第3位 真田信之(さなだ のぶゆき) 享年93歳

 信之は1566年に信濃上田城主真田昌幸の長男として生まれ、はじめは源三郎信幸といった。幸村(信繁)の兄である。以下、「信之」で書き進めることにする。
 信之が武将として登場するのは、天正十三年の家康による「上田攻め」からであろうか。このとき信之は父昌幸の指図で砥石城から出陣し、父共々上田城下や神川畔で散々徳川軍を打ち破っているが、彼が破ったのは徳川方でも勇将として知られ、のち関ヶ原の際に伏見城で壮絶な最期を遂げる鳥居元忠である。

 しかし時は移り、1587(天正十五)年3月、昌幸はついに小笠原貞慶とともに駿府の家康に謁しその麾下となる。ここに信之は家康への人質のようなものとなり、やがて1589(天正十七)年2月13日から岡崎城に出仕することになる。これが彼の人生を変えたと言っても良い。
 家康が稀有の器量人であることを知った信之と、信之の非凡な才を認めた家康。家康の意向により、信之は家康の養女として猛将本多平八郎忠勝の娘を正室に迎える。これより徳川家に忠勤を励んだ信之は二人の男子にも恵まれ、やがて運命の時を迎える。

 その時とは1600(慶長五)年7月21日、世に言う「犬伏の別れ」である。上杉景勝討伐へ向かった家康に従い、昌幸・信之・幸村は下野まで行軍してきたが、その昌幸のもとに石田三成からの書状が届く。昌幸は至急信之にも連絡し、犬伏で幸村も交えて三者会議を開いた。
 信之は切々と徳川家の優位の動かぬ事を訴え、このまま家康に加担することを強く勧めたようだ。しかし、昌幸と幸村は石田方に身を投じた。この「家族会議」の内容には諸説あり、色々な見方があるが、ここでは触れない。そして、歴史の示す通り徳川方が勝った。

 さて、戦後昌幸・幸村父子の処断が下された。むろん死罪である。信之は自分の功に代え助命を嘆願したがそう簡単に許可は下りない。しかし信之をかばって心強い助っ人が現れた。
 その武将に諸説ある。池波正太郎氏はその名著『真田太平記』の中でこの役を本多忠勝に設定しているが、これは一つのクライマックスとも言うべき名場面なのでご紹介しよう。場面は信之と忠勝が家康に対し昌幸父子の助命を懸命に嘆願したが、はねつけられた直後である。

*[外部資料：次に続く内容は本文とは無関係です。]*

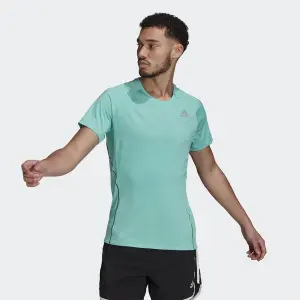 T-shirt adidas Runner image-1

「殿は、この忠勝を敵にまわしても、真田父子の首がほしいとおおせある」
「そのほうを、敵じゃと・・・」
「いかにも」
「な、何と申す」
「かくなるからには、それがし、伊豆守殿と共に沼田城に立てこもり、殿を相手に戦つかまつる」

 これが「常山紀談」だと、その武将は榊原康政と井伊直政の設定で、

「仰せの趣申べき詞なし。かくあらんと存、父を諫めしかども、用ひざれば力に及び候はず。只一つ志す所の候。安房守を誅せられんより先に、まづかく申す伊豆守に切腹を仰出され候かし。 御敵の子なれば左あるべきと世の人も存べし。必父在世の中に伊豆守を誅せられよと云も終らぬに、康政、 心得て候。房州御赦免の事は康政が申上げて事よくせん。むかしの義朝には大に異なる豆州かなといひて其旨を申せしかば、東照宮・台徳院殿も聞召入られて、真田父子ゆるされしといへり」

 話の真偽はともあれ、信之自身が徳川方の諸将にいかに信用されていたかがわかる。これが信之の真骨頂であろう。

長国寺の信之霊屋 【Photo:長国寺にある信之の霊屋(長野市)】
 信之はこの後も忠勤を励み、上田から松代へと移封される。そして善政を敷き、隠居後に「真田騒動」と呼ばれる御家騒動が起きるが、老体に鞭打ってこれを上手く収めたところでついに寿命が尽きた。
 重臣鈴木右近忠重が彼に殉じた。この右近は、かつて父昌幸が見殺しにしたと言っても良い上野名胡桃(なぐるみ)城主・鈴木主水重則の嫡子で、常に信之の側にあって補佐し続けた名臣である。

 松代藩は、みごと明治維新まで残った。